Tuesday’s late-night House vote to avert the fiscal cliff passed despite the opposition of nearly two-thirds of House Republicans. That’s left a bitter taste in the mouths of many of the party’s staunch conservatives.
The bill, which allowed the Bush tax cuts to expire for families making more than $450,000 and doesn't significantly cut spending, “will lead to a profound fight in the GOP,” former House speaker Newt Gingrich told Politico Wednesday.
That fight may already be erupting. Among the House ‘no’ votes were the numbers 2 and 3 in the caucus: Majority Leader Eric Cantor and Majority Whip Kevin McCarthy. Their votes have already triggered talk that Cantor, who openly opposed the deal in a caucus meeting Monday, could mount a coup against Speaker John Boehner, with the backing of the most conservative lawmakers.
"I think there's a tremendous dissatisfaction within the caucus over what's occurred in the last two years—so many missed opportunities," Rep. Tim Huelskamp, a staunch conservative who was recently purged from his committee assignment by the party leadership, told The Huffington Post.
Redstate.org’s Erick Erickson, a key conservative activist, is openly calling for the ouster of Boehner and Senate GOP leader Mitch McConnell, who helped negotiate the pact.
“Republicans who saw Mitch McConnell and John Boehner destroy the last plank of the Republican Party are going to need to look elsewhere for a savior for their party,” Erickson wrote Tuesday.
But in a sign of the acrimony swirling through Republican circles, Erickson likewise criticized Cantor and McCarthy for voting no. “This was opportunism, not courage,” he wrote.
The party’s potential presidential hopefuls were split, too. Senators Marco Rubio and Rand Paul, both Tea Party favorites, were among just five Republican senators to oppose the deal, while Budget chair Paul Ryan, hardly known as a moderate on fiscal policy, supported it, after reportedly changing his mind at the last minute.
Conservatives are angry about what they see as a Republican cave—not just because the deal ended the Bush tax cuts for the richest, but also because it failed to include significant spending cuts.
“This is a complete surrender on everything,” Washington Post columnist Charles Krauthammer said Tuesday on Fox News.
Tea Party Patriots, a leading grassroots Tea Party group, said on its website that the deal “raises taxes, avoids meaningful spending reductions, and proves Congress just isn’t serious about stopping overspending.”
Of course, the coming fights over sequestration and the debt ceiling—issues on which Tuesday’s bill kicked the can down the road—may offer Republicans a chance to regain their unity, since they’ll enjoy more leverage.
But the rift over the fiscal cliff could just as easily wind up setting a trend for the future.
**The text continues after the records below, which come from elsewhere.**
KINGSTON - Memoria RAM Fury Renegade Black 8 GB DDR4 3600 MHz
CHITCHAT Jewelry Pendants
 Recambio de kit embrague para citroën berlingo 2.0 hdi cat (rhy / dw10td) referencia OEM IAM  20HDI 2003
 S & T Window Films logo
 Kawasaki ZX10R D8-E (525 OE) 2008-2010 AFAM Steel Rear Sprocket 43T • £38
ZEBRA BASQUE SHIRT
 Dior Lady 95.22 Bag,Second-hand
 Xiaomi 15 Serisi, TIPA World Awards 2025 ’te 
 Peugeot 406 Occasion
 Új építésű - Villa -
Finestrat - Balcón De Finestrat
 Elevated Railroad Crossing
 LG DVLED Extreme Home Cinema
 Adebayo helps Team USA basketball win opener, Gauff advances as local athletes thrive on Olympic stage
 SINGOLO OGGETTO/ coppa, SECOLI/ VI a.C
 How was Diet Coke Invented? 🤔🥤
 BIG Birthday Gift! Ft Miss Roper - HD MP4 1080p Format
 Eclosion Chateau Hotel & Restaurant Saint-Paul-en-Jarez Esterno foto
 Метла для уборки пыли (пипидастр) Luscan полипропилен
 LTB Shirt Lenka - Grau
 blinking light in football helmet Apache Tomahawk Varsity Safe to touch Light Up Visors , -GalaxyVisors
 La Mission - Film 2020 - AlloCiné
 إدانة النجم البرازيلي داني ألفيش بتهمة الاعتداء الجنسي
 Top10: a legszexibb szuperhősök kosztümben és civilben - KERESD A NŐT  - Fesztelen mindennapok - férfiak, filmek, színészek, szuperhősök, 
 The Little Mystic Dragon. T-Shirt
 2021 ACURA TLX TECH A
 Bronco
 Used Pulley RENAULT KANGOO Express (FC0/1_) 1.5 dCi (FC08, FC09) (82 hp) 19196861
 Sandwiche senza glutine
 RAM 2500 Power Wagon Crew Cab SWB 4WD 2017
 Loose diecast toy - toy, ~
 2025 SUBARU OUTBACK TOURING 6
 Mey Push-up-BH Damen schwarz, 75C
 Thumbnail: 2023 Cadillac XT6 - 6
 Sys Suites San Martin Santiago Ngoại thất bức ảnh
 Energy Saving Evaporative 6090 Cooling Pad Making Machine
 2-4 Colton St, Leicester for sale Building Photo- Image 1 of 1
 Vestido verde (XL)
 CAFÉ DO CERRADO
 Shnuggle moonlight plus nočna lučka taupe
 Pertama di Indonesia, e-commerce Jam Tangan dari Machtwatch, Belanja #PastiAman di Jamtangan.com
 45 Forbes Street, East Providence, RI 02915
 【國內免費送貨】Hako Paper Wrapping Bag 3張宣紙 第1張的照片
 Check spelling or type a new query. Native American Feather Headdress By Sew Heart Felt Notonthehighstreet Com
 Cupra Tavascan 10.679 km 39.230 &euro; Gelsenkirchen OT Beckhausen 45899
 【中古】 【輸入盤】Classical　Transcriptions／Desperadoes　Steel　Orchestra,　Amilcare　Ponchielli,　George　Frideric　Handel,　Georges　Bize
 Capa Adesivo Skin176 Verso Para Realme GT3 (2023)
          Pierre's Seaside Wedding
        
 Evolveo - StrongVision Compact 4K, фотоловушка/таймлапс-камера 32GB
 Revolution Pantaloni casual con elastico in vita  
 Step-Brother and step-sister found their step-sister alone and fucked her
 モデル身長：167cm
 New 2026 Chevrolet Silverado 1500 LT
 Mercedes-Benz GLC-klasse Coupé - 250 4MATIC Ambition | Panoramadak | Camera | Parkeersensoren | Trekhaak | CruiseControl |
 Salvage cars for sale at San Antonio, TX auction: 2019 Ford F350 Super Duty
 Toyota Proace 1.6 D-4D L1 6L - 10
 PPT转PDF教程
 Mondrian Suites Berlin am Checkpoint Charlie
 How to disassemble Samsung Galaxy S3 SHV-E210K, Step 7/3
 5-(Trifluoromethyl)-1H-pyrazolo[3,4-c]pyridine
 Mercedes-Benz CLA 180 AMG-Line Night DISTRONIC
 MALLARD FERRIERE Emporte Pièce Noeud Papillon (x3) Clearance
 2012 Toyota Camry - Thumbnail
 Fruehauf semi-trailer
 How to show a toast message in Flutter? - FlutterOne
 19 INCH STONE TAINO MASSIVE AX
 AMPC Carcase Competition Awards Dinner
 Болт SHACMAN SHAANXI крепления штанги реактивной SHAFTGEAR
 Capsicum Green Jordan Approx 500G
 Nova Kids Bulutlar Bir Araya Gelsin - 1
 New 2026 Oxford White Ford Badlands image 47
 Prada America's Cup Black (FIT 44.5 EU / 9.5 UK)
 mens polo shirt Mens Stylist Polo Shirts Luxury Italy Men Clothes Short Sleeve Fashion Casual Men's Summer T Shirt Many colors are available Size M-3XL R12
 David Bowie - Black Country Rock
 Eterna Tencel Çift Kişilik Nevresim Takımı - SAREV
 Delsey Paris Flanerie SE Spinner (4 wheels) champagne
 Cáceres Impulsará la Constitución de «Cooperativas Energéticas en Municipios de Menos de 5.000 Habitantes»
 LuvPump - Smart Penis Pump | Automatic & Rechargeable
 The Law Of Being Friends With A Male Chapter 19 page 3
For over a decade, under what’s known as the “Hastert Rule,” after former speaker Dennis Hastert, Republican leaders have largely avoided bringing legislation to the floor that isn’t broadly supported by GOP members. This time, Boehner abandoned that principle to pass a bill with over twice as many Democratic votes as Republican ones. If Boehner concludes he can safely throw the Hastert Rule out the window, this could be just the first of many battles with more conservative lawmakers.